I know what it is like to be told that I should “snap out of it”, “buck up”, that it is a bad day/mood. I know what it is like to think that absolutely no one cares about you, and that no one would notice if one day you just disappeared.

I know the darkness. The darkness that comes creeping in, like a mist in the morning, and suddenly envelops you, when you did not even see it coming. Or seeing it coming and feeling powerless to stop it, trying desperately to fight it, and feeling as if you are trying to climb out of a hole using only your fingernails.

I know what it is like to go to bed at night and pray that I would not wake up in the morning. To be absolutely and undeniably confused, to lose all of my logic, and to wonder if I make sense to anyone, and why anyone would ever love me, as I am unlovable. Yes, unlovable. To feel that I am so not worthy of anyone’s love, that there is no real reason in trying. To feel like things will never get better, so why even get up and make an effort. To hate the fact that I wake up in the morning.

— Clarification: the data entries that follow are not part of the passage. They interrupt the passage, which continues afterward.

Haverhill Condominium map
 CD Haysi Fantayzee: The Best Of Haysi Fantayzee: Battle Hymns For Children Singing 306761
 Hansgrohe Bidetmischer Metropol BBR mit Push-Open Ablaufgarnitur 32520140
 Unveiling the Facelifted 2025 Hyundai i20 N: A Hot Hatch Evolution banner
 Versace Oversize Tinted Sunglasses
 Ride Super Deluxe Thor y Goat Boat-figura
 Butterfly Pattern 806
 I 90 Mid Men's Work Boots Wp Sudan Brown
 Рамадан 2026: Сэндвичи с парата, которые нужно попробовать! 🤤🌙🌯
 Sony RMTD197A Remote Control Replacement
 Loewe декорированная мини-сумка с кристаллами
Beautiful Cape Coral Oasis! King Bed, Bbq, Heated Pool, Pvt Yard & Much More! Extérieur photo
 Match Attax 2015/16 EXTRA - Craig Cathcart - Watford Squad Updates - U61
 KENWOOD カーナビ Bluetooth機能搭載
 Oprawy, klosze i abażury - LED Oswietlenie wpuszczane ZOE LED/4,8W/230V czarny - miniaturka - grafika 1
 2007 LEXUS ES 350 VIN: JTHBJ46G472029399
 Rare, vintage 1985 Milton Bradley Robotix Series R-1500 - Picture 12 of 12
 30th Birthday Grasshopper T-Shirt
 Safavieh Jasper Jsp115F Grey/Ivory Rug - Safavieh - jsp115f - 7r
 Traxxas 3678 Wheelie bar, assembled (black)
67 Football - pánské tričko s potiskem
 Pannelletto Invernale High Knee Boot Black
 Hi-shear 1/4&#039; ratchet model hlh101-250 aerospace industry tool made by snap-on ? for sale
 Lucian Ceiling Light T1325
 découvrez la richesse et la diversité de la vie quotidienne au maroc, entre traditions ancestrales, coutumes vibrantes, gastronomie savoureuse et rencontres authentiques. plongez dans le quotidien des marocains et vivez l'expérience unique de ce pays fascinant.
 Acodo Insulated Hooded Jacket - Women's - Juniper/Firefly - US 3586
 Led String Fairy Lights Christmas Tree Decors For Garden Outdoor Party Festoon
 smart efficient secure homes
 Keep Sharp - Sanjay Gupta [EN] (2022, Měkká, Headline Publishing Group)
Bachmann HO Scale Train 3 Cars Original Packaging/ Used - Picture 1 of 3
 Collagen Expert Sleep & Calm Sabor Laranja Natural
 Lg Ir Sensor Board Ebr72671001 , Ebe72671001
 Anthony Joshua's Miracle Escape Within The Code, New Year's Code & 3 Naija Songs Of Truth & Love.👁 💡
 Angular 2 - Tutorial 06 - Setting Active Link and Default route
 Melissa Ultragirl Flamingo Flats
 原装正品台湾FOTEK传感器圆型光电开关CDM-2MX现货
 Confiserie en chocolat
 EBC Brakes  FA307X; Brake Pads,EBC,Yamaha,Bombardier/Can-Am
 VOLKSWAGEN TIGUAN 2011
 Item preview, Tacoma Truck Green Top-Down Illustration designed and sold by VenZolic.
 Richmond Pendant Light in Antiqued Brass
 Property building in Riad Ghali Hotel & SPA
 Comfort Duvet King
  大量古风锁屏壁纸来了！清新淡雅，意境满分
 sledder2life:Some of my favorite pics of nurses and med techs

See, I told you, I am you.

I have, at times, searched for any reason to continue. For a time, the only thing that got me out of bed was the fact that I had two cats and I needed to feed them – I didn’t much care about myself. I have been in darkness so deep that I wonder if there is a light there at all because I certainly could not see it. I have cried when someone asks me how I am doing, and been unable to explain why I was crying. I have been told, time and time again, “it’s just a bad day/mood”, among the other things I wrote. I have felt absolutely worthless and wondered why I was alive, since I did no good in the world. I have felt like “why bother at all?” when even thinking about dealing with people.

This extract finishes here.